Related image Standards of living began to improve in the late 18th century for two reasons: the development of science (we learned how to learn about nature and used that knowledge to increase productivity and longevity) and developments in social organization (as a society, we learned how to work together through institutions like the rule of law and democracies with checks and balances).

Key to both were systems of assessing and verifying the truth. The real and long-lasting danger of the Trump presidency is the risk it poses to these pillars of our economy and society, its attack on the very idea of knowledge and expertise, and its hostility to institutions that help us discover and assess the truth. 

America arrived at this sorry state of affairs because we forgot that the true source of the wealth of a nation is the creativity and innovation of its people. One can get rich either by adding to the nation’s economic pie or by grabbing a larger share of the pie by exploiting others – abusing, for instance, market power or informational advantages. We confused the hard work of wealth creation with wealth-grabbing.

Last week, VoxFairfax offered an article with similar themes, noting that another confusion was plaguing economic discourse – between capitalism and socialism and the fallacious notion that contemporary political choices represented a binary option of them [Mythology in Economics and Politics, VoxFairfax, April 22, 2019; https://voxfairfax.com/2019/04/22/mythology-in-eco…ics-and-politics/]. Stiglitz’s insight moves the discussion past that fallacy and that of the “invisible hand” of Adam Smith as the force and rationale for economic prosperity.
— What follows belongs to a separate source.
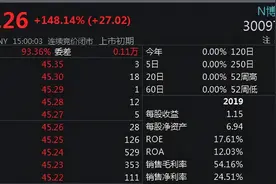 湖北第117家！襄阳博亚精工今日上市图片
The conclusion to his article set out a paradigm with a different choice:

…our exploitive capitalism has shaped who we are as individuals and as a society. The rampant dishonesty we’ve seen from Wells Fargo and Volkwagen or from members of the Sackler family as they promoted drugs they knew were addictive – this is what is to be expected in a society that lauds the pursuit of profits as leading, to quote Adam smith, “as if by an invisible hand,” to the well-being of society, with no regard to whether those profits derive from exploitation or wealth creation.